Corpus linguistics and the description of English. By Hans Lindquist. (Edinburgh textbooks on the English language—Advanced.) Edinburgh: Edinburgh University Press, 2009. Pp. xx, 219. ISBN 9780748626151. $28.50.

Reviewed by Susanne Wagner, Chemnitz University of Technology

Lindquist’s book is one of those rare ‘why did this take so long?’ finds everyone having taught (and—by necessity—having taught themselves in the process) corpus linguistics (CL) has been waiting for. It should become the default compulsory background reading for every student and researcher working in English CL today. Not only is the book written in a wonderfully accessible style, it also includes example studies from all areas of CL that can provide students and scholars with countless ideas for further research.

The first two chapters set the scene by discussing important background information concerning theoretical and practical concepts and the practical handling of corpora (e.g. tagging, statistics).
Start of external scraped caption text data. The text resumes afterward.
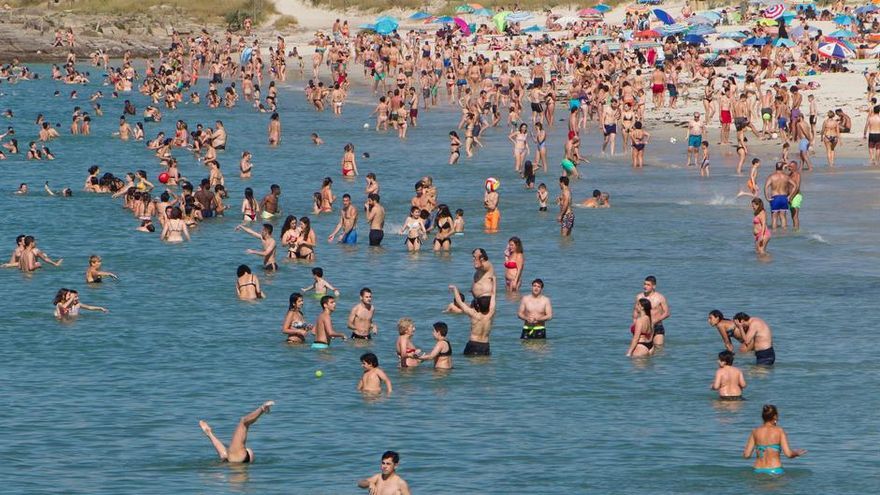 Imagen esta semana en la playa de O Bao en Vigo.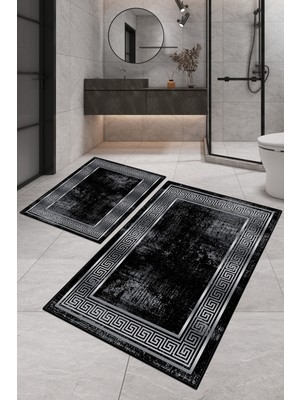 Dijital Baskılı Yıkanabilir Kaymaz Kaydırmaz Dot Taban Dekoratif Modern Banyo Paspas TAKIMI(BPS-528)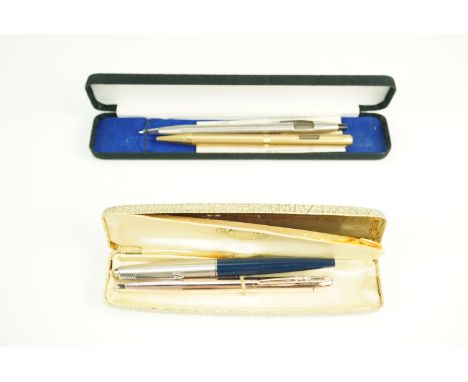 A Parker fountain pen, together with two 1970s / 1980s digital watch pens, and one other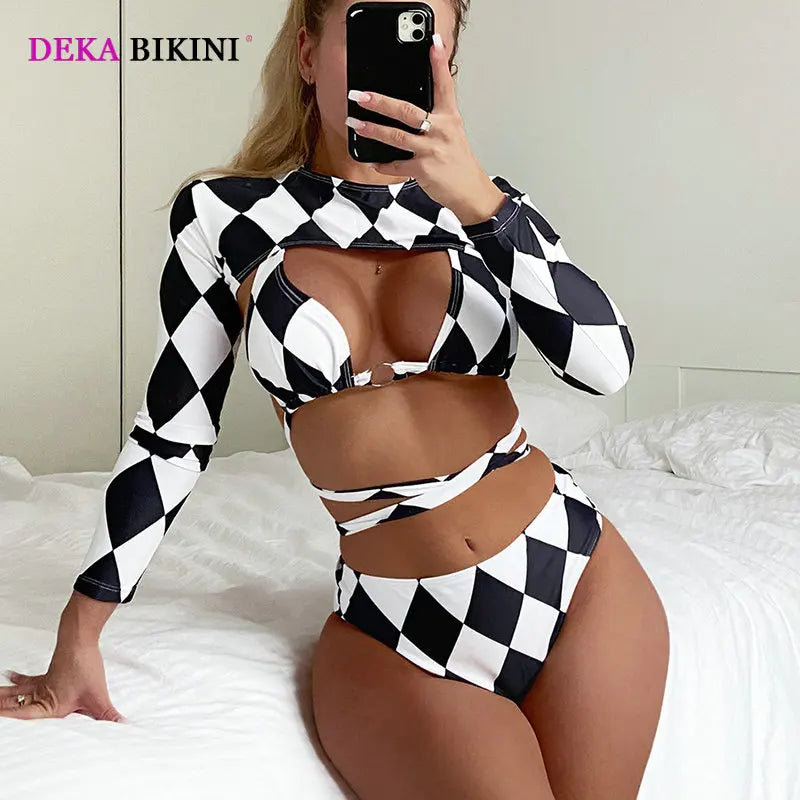 DEKA High Waisted Plaid Bikini Set for Women Lattice Print Camisole Swimwear Bathing Suit, Sexy Separate Bandeau Split Swimsuit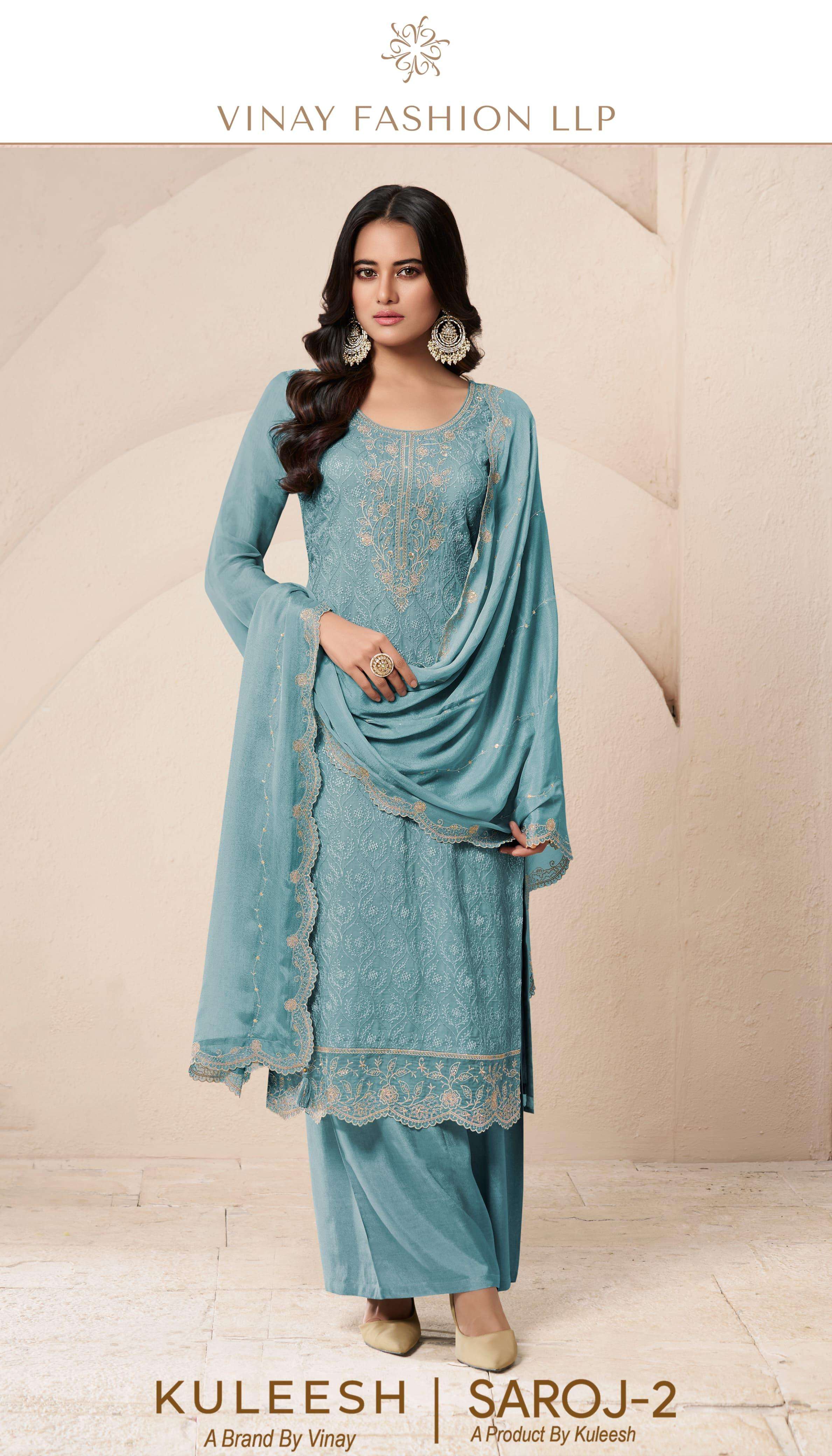 SAROJ-2 SCHIFFLI EMBROIDERED ORGANZA wholesale suit 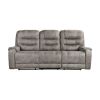 Grayish Brown Modern Reclining Sofa Set 2pc Sofa Loveseat Plush Seating, Polished Microfiber Upholstery Solid Wood Frame Living Room Furniture
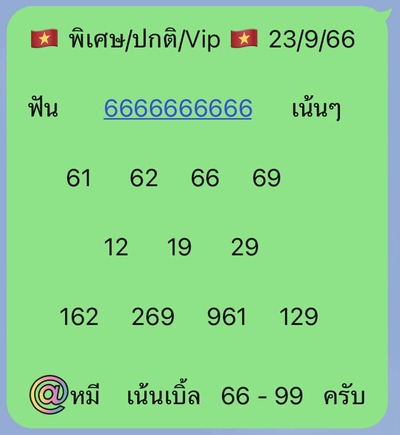 หวยฮานอยวันนี้ 23/9/66 ชุดที่ 1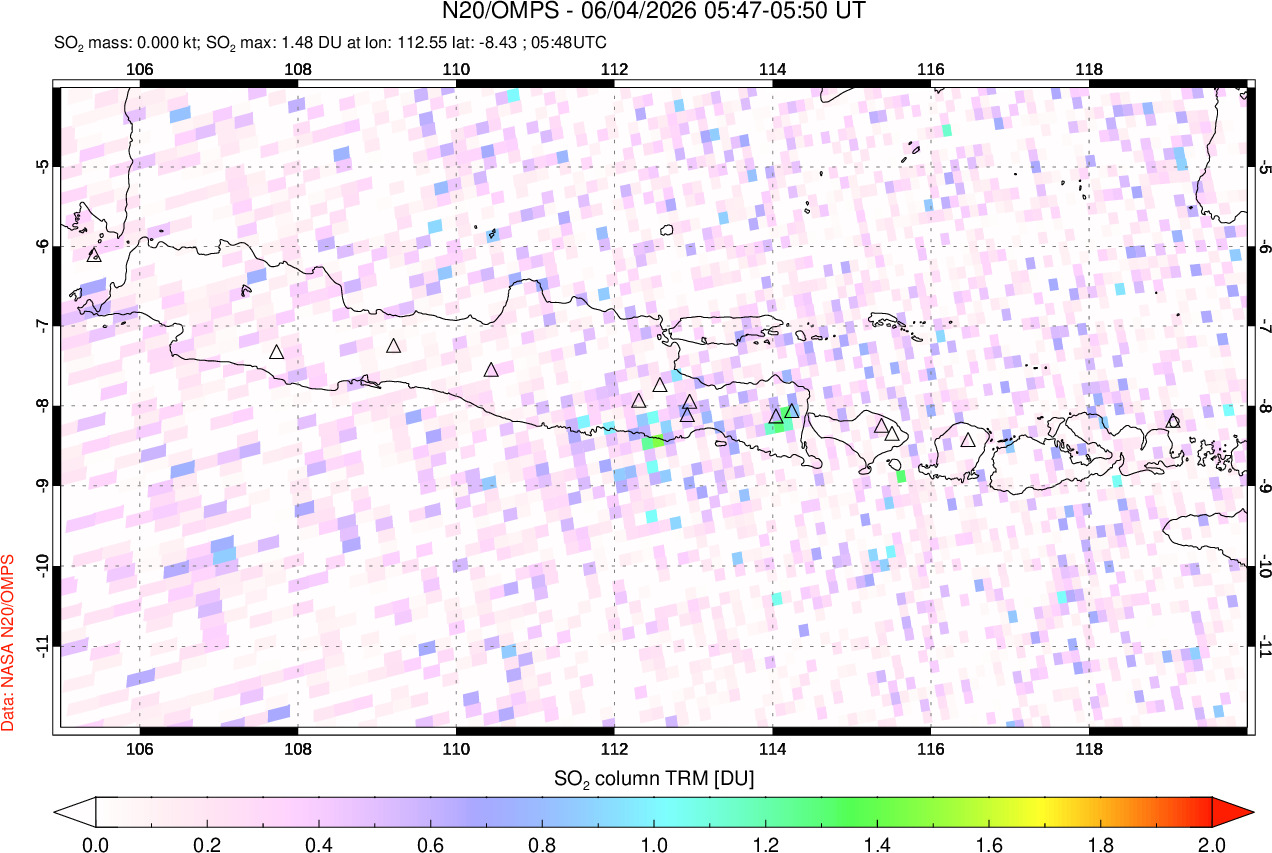 A sulfur dioxide image over Java, Indonesia on Jun 04, 2026.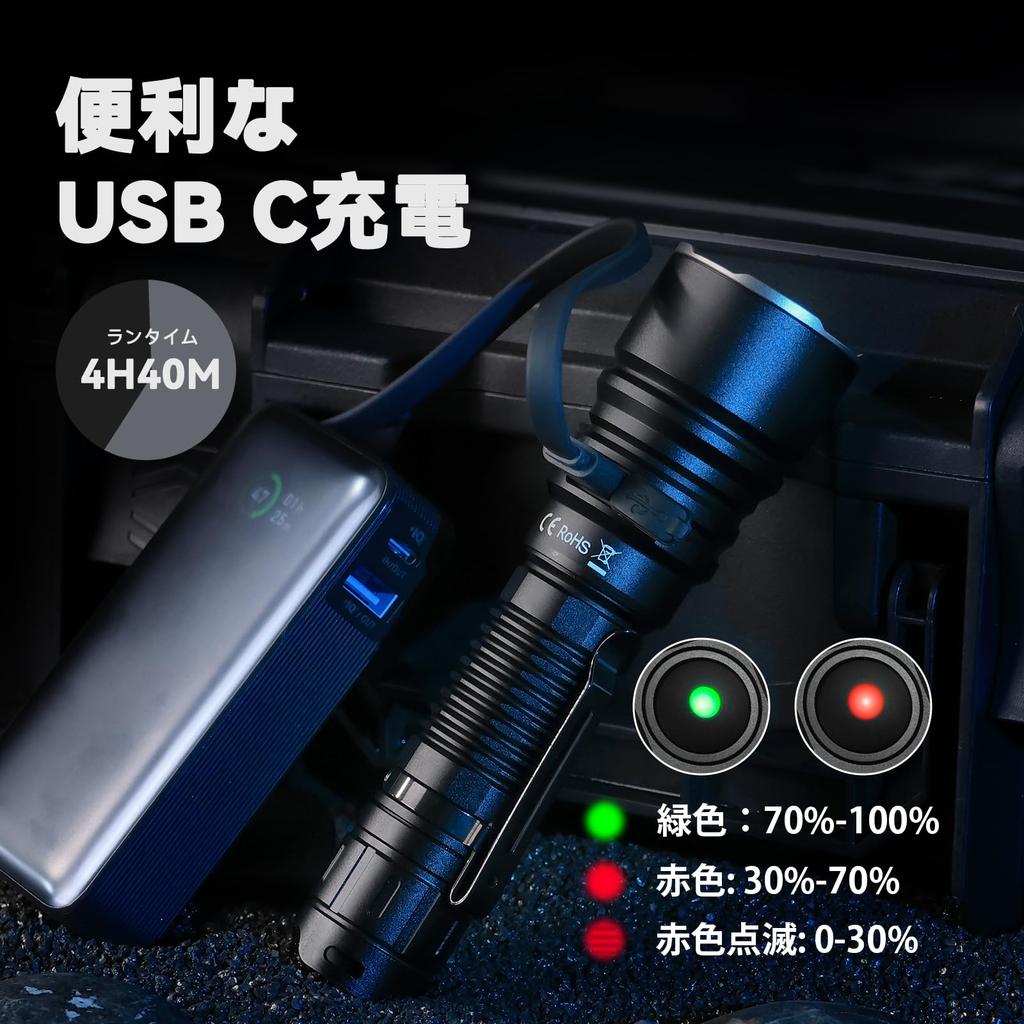 sofirn SK40 Powerful High 3200 Max Beam Distance Dual Pocket IP68 for Disaster Outdoor Power and Emergencies Flashlight, Brightness, Lumens, 580M,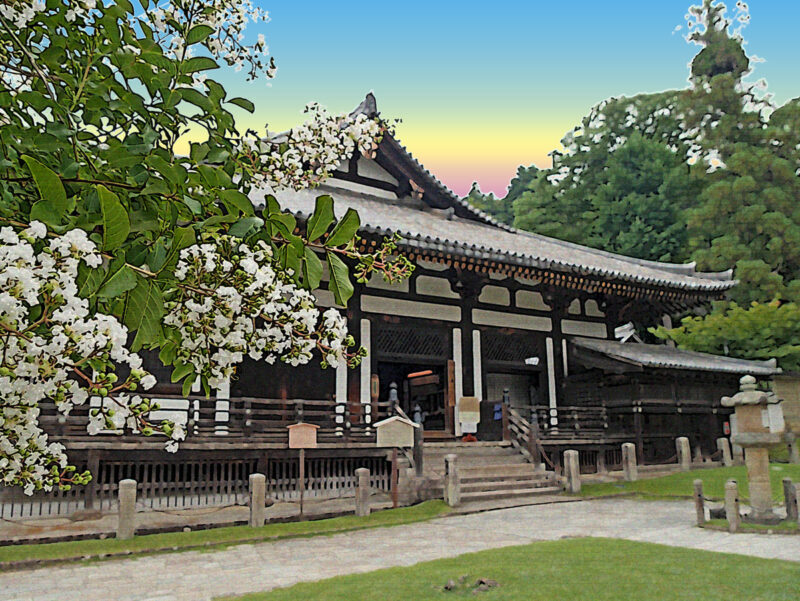 版画風　百日紅と三月堂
Chs. 3–10 each focus on one research question, but always touch on general and far-reaching issues.

By way of example studies, many of which are based on Mark Davies’ web-based Brigham Young University (BYU) Corpora, L covers corpus-based studies in the fields of semantics (including lexis, collocations and colligations, lexical change, metaphor, and metonymy), grammar (passives, who and whom, grammatical change → grammaticalization, complementation patterns), and sociolinguistics (male versus female language with regard to both active language use and passive features such as the use of gender-marked versus gender-neutral terms). The author’s focus on corpora which are continuously updated/extended (BYU Corpora) and added to (e.g. international corpus of English, Brown family) ensures that the book will not be outdated in a couple of months (which is an abiding danger of any ‘how-to’ publication in the field). Along the same lines, L also wisely refrains from using one particular type of software for analysis.

The book combines a unique integration of historical facts and details with present-day questions, methodological caveats, and countless examples (forty-four figures, 101 tables). The way the author manages to casually include state-of-the-art research findings from areas such as sociolinguistics in a book of this type is nothing short of brilliant (e.g. colloquialization of English and role of gendered language).

Readers are familiarized not only with different types of corpora and their leading representatives, but also with historical background on CL in general (e.g. Otto Jespersen’s grammar as an early corpus-based grammar, the history of the Brown family). The author addresses countless methodological issues: e.g. the pros and cons of corpus-driven versus corpus-based work via issues of comparability, different types of statistics tests, and the advantages and disadvantages of qualitative versus quantitative studies.

L also addresses the usefulness of messy sources as corpora (particularly the internet and the Oxford English Dictionary quotations database), emphasizing that—as always in corpus studies—the researcher needs to be aware of their messy nature and the problems that entails. Once such issues are taken into consideration and carefully navigated, investigating corpora truly holds ‘joy and fascination’ (1).